On Thu, Jan 20, 2011 at 1:37 PM, Dan White <dan@xxxxxxxxxxxxxx> wrote:
> The attached numpy2ascii.py gives an example how to read the file by
> converting the data back to the gnucap ascii format.

Oops, here's the example.

Some day (tm) I'll make a gnucap plugin to output directly to this
format.  HDF5 is another more standardized option.

#!/usr/bin/env python

# Dan White <dan@xxxxxxxxxxxxxx>

"""sp2sp -c numpy output format

Numpy array data is same as sp2sp -c nohead -s prepend.  File is in the
numpy.save('file.npy') version 1.0, documented in numpy/lib/format.py with
additional information immediately following the binary data.

Footer is a python string representation of a dict ending in a newline with
the following keys:
    'sweepvars' - Tuple of strings naming the sweep variables in order,
                  empty tuple if no sweeps.
                  e.g. ('bias', 'foo', 'bar') or ()

    'sweeprows' - Tuple of 2-element tuples indicating the start and end row
                  indices of each table.  A 3-D array doesn't work because each
                  sweep may have different number rows.
                  e.g.((0, 20), (21, 40))

    'cols' - Tuple of strings labeling the columns.  The first elements should
             match the elements of 'sweepvars'.
             e.g. ('bias', 'TIME', '0', 'v(foo', ... )

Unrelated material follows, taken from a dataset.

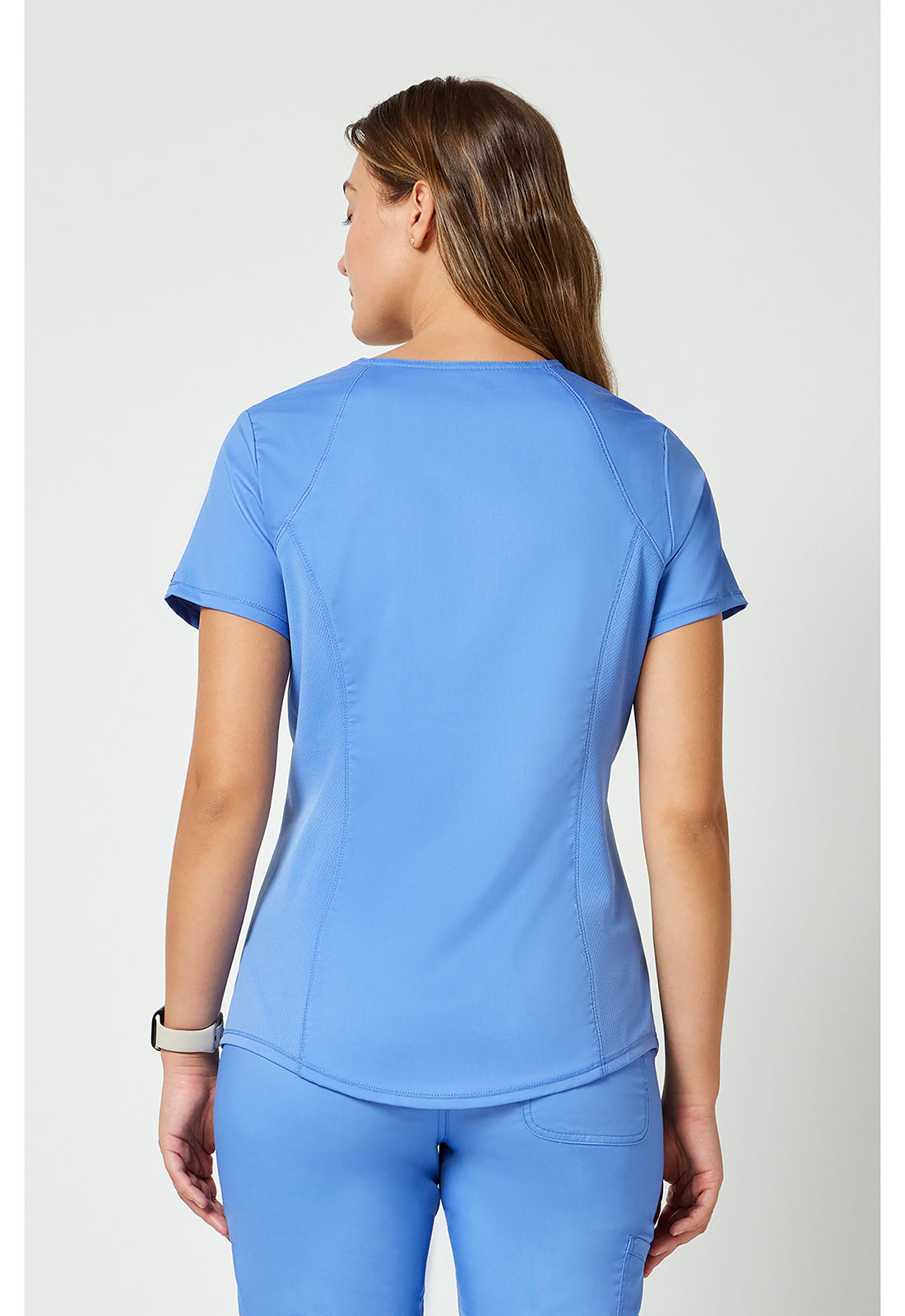 Top met V-hals met mesh details en 2-way stretch WWE601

After the newline byte, the last two bytes are the footer length (including
these bytes) in uint16 little endian format.  See below for the two ways of
reading the footer while using numpy.load('spiceout.npy').

import os
import sys
import struct

import numpy as np
from numpy.lib.utils import safe_eval

npfile = sys.argv[1]
npasciifile = sys.argv[2]

ndigits = 6

# 2 ways to use np.load
#   -read into memory
#   -open as mem-mapped file

# read array into memory
if 0:
    fnp = open(npfile, 'rb')
    npdata = np.load(fnp)
    # when given an open file handle, np.load leaves the pointer just after
    # the data (which is the start of the footer, conveniently).  The footer's
    # newline makes this really easy:
    footer = fnp.readline()

# open as a memory-mapped array on disk (preferred for large data)
    # At present, the memmap versions of np.load require a filename string and
    # do not accept an open file-like object.  (Though
    # np.lib.format.open_memmap and np.memmap look like this is not truly
    # the case)
    # Peek at the end of the file and use the footer len bytes to put the
    # pointer at the start of the footer string
    fnp = open(npfile, 'rb')
    fnp.seek(-2, os.SEEK_END)
    footlen = struct.unpack('<H', fnp.read(2))[0]
    print 'footlen:', footlen
    fnp.seek(-footlen, os.SEEK_END)
    footer = fnp.readline()
    print 'footer:', footer

    # NOW, open file using the name string and pretend we didn't take a peek...
    npdata = np.load(npfile, 'r') #read only memmap

# get dict from the string, without accidentally exec'ing bad stuff
npinfo = safe_eval(footer)
print 'npinfo:', npinfo

# gen column headers
header = list(npinfo['sweepvars'])

fnpa = open(npasciifile, 'wb')

print>>fnpa, ' '.join(header)
fmt = ' '.join(['%%%ie' % ndigits] * npdata.shape[1])
for row in npdata:
    print>>fnpa, fmt % tuple(map(float, row))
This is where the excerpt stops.